• TASK STATEMENT
Nothing should appear in the answer except the lines below from the line containing "Trussardi Donna EAU de PARFUM 3.4 oz" through the line containing "BMW 3 серия, 2002", copied exactly, with pictures left out.

━━━━━━

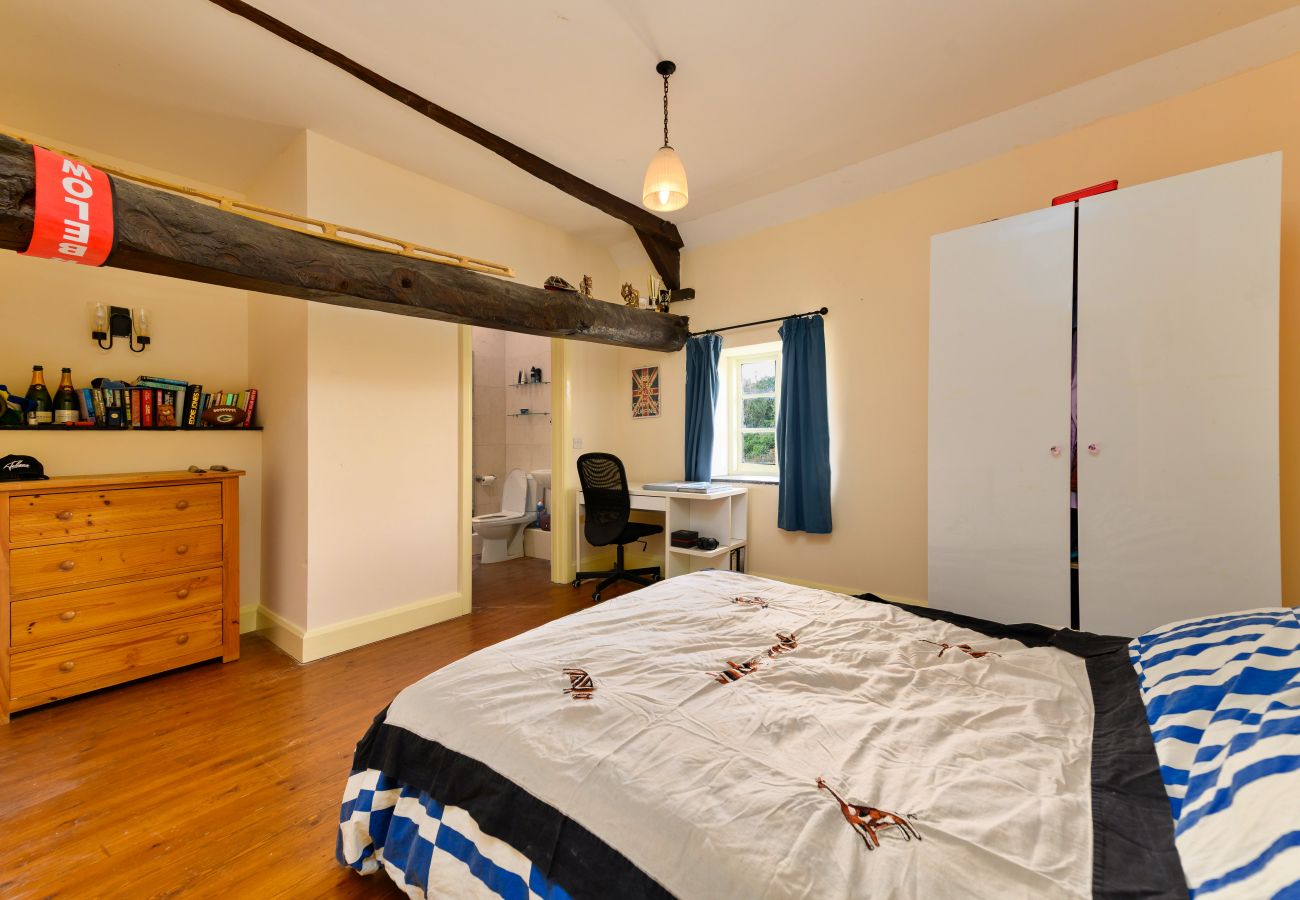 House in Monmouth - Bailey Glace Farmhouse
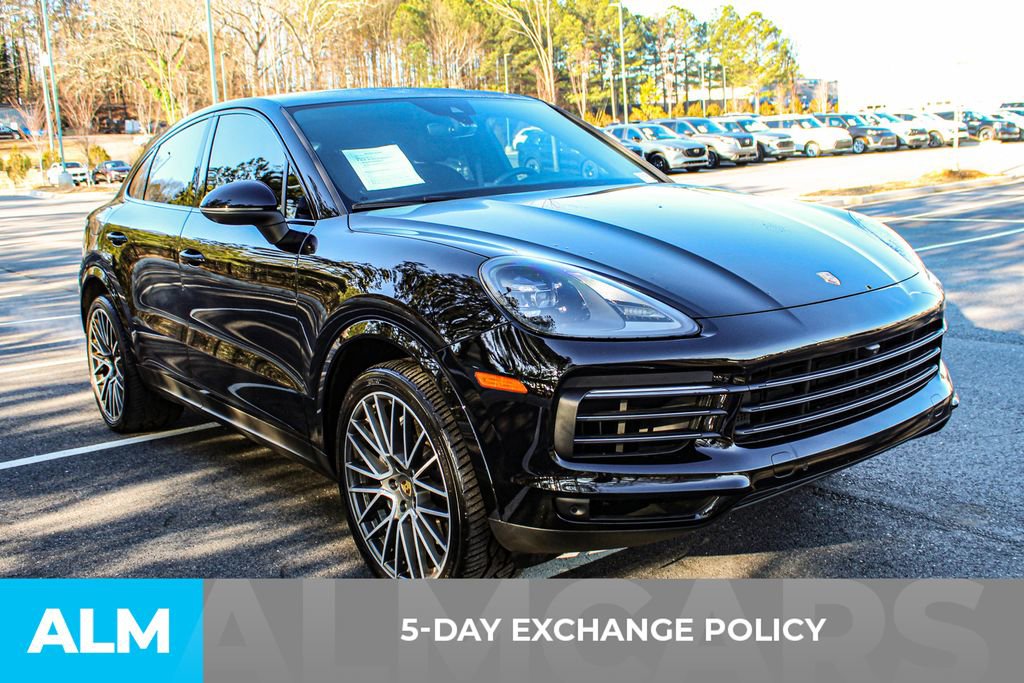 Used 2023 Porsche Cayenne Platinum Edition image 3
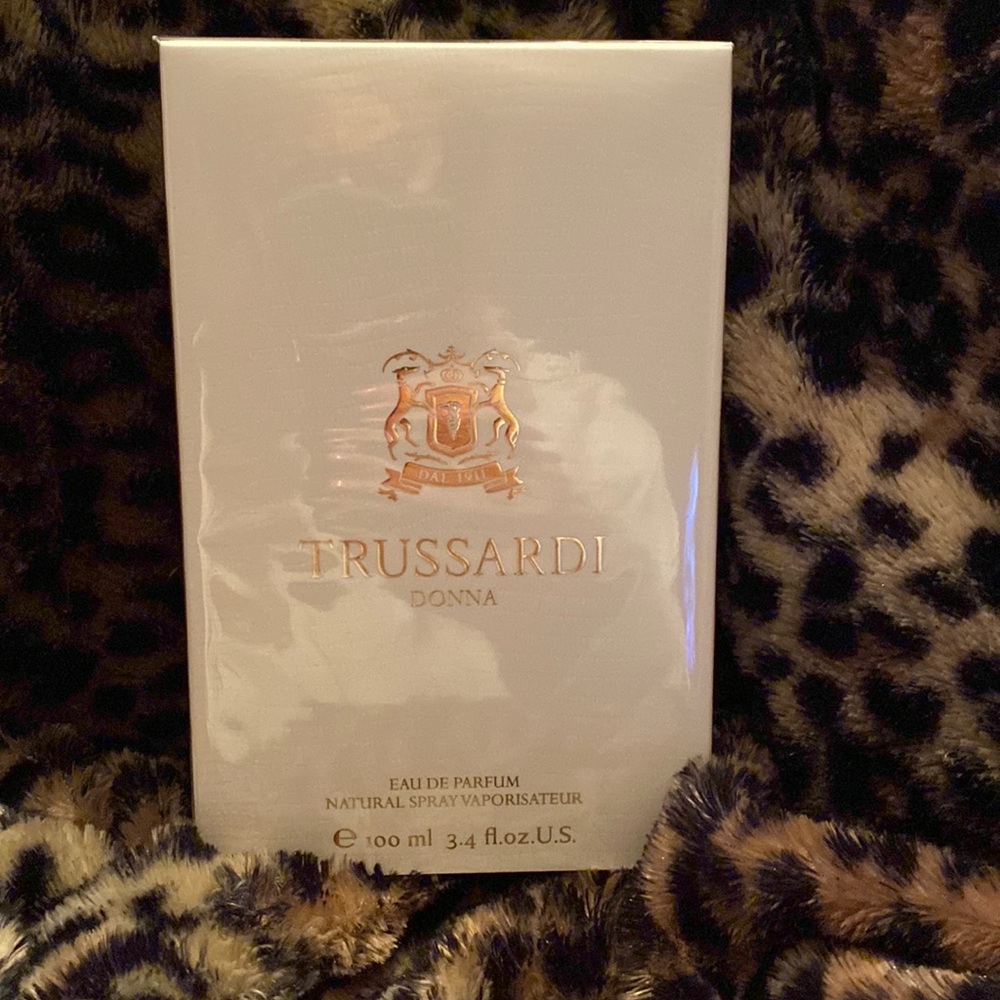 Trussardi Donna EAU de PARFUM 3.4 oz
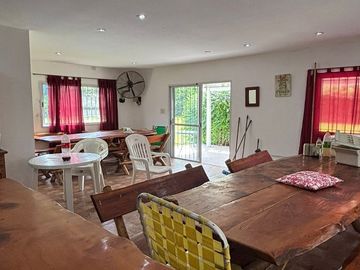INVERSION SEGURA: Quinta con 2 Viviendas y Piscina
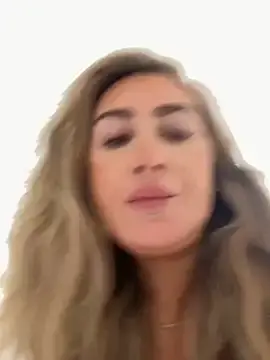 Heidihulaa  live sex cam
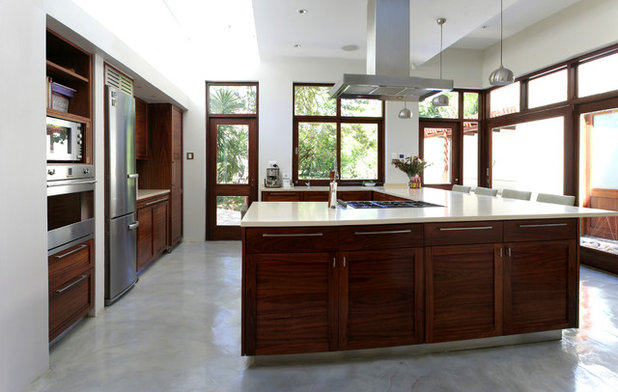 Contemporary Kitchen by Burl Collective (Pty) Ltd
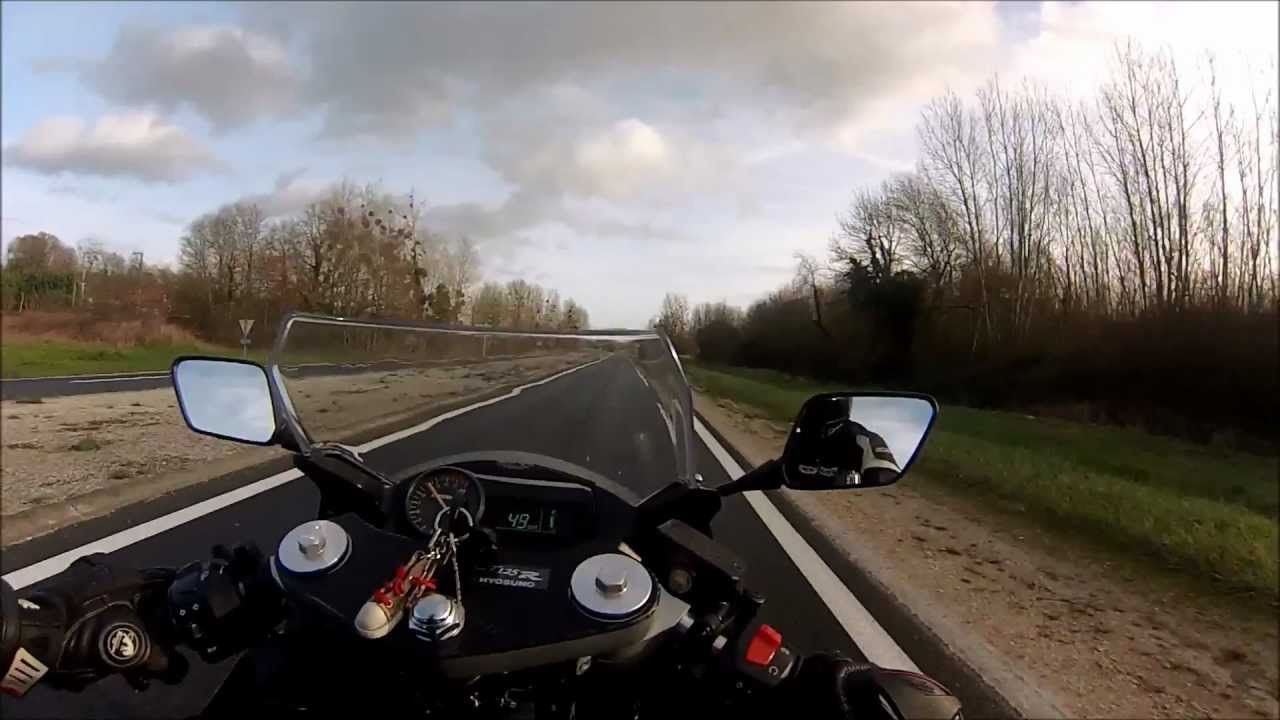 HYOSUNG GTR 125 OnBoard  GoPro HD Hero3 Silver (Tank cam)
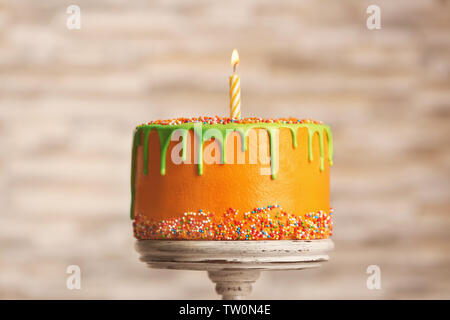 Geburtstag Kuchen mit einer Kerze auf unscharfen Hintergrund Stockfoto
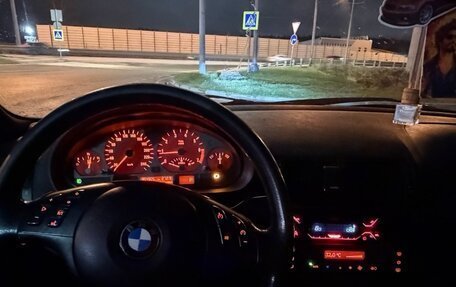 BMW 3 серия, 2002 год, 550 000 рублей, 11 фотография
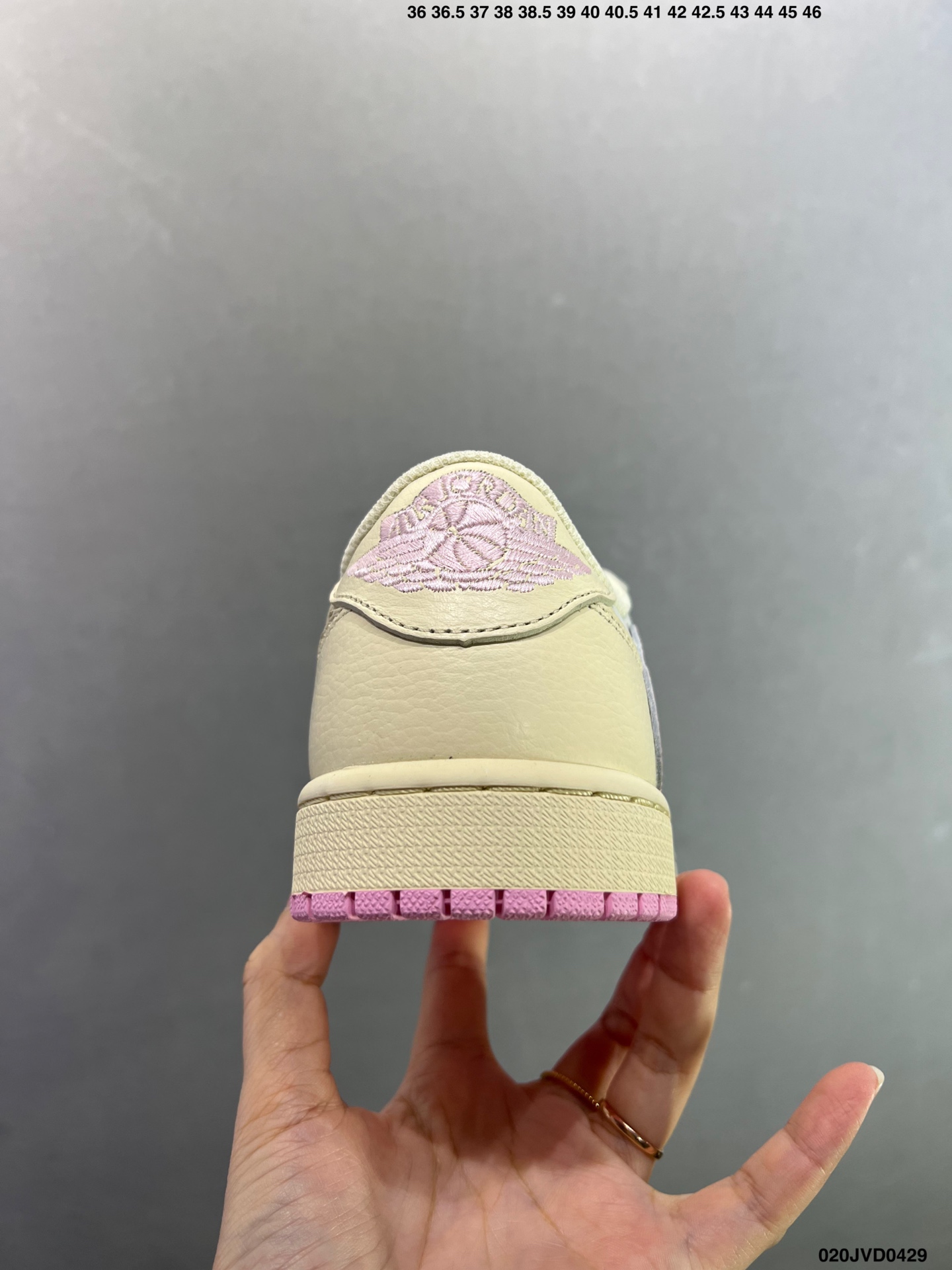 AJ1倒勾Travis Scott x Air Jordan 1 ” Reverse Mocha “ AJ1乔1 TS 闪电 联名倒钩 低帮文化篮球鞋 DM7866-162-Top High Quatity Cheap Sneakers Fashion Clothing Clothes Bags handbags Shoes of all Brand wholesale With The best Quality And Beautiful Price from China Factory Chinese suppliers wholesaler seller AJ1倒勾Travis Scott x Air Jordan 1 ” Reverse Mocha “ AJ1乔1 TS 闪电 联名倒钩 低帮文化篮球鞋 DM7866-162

━━━━━━

• PROBLEM SOLUTION
 Trussardi Donna EAU de PARFUM 3.4 oz
INVERSION SEGURA: Quinta con 2 Viviendas y Piscina
 Heidihulaa  live sex cam
 Contemporary Kitchen by Burl Collective (Pty) Ltd
 HYOSUNG GTR 125 OnBoard  GoPro HD Hero3 Silver (Tank cam)
 Geburtstag Kuchen mit einer Kerze auf unscharfen Hintergrund Stockfoto
 BMW 3 серия, 2002 год, 550 000 рублей, 11 фотография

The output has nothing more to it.